ABOUT THIS TASK = Start at the first line of the listing below. Write out each line exactly, stopping after the one that contains "Pintinhos Frisados mestiços de GSB...".

SOURCE MATERIAL =
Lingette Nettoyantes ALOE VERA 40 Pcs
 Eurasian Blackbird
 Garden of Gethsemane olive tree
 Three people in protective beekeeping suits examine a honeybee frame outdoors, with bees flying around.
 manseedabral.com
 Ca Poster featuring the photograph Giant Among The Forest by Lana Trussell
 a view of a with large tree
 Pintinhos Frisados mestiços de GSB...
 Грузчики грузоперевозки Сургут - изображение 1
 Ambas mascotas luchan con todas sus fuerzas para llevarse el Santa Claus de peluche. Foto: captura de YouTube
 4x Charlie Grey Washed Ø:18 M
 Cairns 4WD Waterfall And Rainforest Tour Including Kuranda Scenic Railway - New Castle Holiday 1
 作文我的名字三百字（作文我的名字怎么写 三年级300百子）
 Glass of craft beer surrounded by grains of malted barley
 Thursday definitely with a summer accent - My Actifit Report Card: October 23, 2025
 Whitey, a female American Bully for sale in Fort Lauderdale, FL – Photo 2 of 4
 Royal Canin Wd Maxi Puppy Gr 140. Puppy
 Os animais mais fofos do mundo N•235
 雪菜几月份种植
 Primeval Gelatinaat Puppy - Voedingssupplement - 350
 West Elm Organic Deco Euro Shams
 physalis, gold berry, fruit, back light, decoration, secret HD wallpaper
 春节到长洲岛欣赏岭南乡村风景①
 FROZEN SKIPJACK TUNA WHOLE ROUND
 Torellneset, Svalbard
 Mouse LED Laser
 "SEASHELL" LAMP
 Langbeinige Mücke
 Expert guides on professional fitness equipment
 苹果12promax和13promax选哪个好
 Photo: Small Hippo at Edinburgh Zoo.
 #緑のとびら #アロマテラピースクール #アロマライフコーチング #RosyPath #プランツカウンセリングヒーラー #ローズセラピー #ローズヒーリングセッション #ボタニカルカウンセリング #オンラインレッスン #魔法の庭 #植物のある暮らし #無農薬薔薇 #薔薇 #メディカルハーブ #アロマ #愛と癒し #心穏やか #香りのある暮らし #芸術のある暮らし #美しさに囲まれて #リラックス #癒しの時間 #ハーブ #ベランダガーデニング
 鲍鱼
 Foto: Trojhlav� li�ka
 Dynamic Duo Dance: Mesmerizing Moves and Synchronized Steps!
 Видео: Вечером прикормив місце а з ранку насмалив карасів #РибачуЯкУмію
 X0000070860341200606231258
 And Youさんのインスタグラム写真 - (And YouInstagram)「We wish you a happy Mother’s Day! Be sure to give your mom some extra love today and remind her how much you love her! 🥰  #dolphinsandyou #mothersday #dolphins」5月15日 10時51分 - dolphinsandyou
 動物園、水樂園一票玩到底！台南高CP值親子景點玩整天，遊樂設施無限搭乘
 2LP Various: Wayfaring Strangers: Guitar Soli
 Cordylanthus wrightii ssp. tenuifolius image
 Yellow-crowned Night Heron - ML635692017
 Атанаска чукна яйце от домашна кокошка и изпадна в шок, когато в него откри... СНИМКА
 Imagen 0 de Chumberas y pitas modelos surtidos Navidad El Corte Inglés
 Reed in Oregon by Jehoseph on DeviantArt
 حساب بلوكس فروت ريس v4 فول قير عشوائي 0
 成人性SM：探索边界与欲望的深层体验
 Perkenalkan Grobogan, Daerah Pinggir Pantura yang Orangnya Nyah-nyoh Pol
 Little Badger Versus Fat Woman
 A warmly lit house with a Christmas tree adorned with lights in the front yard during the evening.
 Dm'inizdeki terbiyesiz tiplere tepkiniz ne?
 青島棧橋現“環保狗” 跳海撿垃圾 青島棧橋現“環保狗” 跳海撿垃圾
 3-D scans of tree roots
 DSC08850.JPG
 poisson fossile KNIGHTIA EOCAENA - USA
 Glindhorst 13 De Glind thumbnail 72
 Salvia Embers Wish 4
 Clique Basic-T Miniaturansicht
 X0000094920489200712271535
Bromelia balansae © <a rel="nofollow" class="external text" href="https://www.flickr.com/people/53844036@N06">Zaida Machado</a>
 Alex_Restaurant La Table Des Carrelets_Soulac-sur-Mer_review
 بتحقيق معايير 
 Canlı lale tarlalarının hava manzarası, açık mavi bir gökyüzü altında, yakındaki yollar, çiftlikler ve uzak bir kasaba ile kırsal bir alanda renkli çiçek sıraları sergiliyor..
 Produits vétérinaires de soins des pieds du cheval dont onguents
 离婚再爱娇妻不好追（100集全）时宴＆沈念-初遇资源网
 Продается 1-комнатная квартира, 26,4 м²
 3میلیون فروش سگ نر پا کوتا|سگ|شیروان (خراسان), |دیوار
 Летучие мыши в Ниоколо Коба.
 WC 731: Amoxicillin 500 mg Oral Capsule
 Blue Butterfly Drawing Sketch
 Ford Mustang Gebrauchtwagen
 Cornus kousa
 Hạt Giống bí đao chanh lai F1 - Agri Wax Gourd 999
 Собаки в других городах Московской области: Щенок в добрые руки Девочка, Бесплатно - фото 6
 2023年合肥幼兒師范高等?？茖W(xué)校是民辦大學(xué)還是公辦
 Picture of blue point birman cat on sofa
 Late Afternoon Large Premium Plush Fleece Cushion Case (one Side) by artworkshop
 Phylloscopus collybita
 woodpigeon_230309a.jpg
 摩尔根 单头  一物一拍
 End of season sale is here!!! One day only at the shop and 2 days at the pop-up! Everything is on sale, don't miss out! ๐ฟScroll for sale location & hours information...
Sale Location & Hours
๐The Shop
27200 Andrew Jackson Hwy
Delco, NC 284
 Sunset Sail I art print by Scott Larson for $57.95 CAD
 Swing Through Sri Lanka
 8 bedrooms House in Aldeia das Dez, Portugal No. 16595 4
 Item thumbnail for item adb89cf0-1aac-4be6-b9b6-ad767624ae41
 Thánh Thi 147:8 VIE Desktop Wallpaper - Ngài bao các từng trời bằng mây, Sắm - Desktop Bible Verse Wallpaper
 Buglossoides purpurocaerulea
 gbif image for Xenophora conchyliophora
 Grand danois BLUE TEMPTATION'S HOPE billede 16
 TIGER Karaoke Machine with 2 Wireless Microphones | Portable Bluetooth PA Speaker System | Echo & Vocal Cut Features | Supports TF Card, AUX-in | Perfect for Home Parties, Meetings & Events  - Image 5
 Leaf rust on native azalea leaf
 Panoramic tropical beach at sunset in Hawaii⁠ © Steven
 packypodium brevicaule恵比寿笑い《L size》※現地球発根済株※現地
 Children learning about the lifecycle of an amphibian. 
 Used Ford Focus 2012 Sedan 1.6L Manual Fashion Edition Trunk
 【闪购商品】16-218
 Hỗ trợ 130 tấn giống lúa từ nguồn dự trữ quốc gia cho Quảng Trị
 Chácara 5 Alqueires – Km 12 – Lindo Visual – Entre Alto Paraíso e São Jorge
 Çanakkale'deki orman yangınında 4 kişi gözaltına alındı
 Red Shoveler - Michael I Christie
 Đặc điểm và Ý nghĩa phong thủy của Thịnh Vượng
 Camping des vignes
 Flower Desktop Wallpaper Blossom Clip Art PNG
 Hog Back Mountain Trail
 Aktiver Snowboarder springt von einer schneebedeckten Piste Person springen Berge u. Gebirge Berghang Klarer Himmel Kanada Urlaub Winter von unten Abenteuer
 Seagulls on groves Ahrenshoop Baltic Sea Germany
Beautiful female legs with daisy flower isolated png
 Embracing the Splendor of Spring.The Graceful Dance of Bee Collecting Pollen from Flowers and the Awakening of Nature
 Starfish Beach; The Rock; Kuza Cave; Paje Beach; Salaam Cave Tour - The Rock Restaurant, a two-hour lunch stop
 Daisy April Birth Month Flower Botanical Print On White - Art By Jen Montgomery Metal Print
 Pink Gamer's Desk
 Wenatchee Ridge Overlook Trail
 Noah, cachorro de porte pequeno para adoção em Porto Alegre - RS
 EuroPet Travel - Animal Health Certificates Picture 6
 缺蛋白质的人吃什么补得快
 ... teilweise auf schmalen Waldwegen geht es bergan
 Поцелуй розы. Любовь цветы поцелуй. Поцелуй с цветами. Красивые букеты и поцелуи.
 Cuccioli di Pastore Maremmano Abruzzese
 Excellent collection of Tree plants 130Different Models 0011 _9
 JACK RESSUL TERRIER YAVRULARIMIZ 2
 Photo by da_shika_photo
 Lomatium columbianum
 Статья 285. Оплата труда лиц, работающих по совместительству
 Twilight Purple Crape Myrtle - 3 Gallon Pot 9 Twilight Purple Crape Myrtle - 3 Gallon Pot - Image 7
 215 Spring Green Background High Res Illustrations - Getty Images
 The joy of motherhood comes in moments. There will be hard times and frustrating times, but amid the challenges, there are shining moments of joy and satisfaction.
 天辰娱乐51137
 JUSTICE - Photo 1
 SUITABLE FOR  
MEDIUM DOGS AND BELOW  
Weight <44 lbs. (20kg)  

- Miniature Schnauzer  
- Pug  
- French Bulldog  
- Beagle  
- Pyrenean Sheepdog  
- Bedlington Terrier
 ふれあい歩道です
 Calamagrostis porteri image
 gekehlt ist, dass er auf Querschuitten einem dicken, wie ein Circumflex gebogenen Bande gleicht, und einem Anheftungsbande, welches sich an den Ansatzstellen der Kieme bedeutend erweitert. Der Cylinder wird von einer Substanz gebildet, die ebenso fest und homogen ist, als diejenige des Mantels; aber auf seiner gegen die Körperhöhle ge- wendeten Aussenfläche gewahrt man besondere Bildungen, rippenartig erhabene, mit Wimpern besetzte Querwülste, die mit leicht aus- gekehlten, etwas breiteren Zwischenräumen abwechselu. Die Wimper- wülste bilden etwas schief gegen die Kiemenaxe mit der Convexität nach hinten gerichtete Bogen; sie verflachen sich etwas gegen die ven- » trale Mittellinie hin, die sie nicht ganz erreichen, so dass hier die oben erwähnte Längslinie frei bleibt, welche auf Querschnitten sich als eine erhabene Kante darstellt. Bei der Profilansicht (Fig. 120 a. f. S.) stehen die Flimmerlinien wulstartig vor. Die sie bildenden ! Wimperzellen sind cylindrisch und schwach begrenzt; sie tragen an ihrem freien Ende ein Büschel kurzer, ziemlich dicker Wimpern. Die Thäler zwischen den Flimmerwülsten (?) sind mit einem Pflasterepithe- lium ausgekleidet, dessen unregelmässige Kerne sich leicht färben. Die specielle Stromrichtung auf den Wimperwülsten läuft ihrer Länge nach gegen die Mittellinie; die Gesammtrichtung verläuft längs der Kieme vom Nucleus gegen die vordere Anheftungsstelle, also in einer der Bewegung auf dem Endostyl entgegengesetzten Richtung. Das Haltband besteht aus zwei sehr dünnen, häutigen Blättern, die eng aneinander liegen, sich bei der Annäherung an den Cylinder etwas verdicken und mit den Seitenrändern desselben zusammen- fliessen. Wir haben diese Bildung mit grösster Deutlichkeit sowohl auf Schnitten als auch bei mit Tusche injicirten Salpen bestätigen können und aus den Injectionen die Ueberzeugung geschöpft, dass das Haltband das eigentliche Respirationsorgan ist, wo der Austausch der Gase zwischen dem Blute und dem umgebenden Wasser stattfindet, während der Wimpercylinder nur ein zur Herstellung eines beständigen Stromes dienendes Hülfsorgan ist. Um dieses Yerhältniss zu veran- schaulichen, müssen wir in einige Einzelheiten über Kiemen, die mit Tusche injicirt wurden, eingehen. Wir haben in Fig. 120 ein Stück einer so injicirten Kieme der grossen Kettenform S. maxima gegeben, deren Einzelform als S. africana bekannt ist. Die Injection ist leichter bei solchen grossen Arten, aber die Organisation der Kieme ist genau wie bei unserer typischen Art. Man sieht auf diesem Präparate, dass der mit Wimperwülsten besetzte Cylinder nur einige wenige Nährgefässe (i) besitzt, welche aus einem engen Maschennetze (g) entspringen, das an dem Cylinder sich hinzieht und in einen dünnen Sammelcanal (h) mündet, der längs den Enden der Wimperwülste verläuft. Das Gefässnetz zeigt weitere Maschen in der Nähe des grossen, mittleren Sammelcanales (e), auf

RESPONSE TO THIS EXERCISE =
Lingette Nettoyantes ALOE VERA 40 Pcs
 Eurasian Blackbird
 Garden of Gethsemane olive tree
 Three people in protective beekeeping suits examine a honeybee frame outdoors, with bees flying around.
 manseedabral.com
 Ca Poster featuring the photograph Giant Among The Forest by Lana Trussell
 a view of a with large tree
 Pintinhos Frisados mestiços de GSB...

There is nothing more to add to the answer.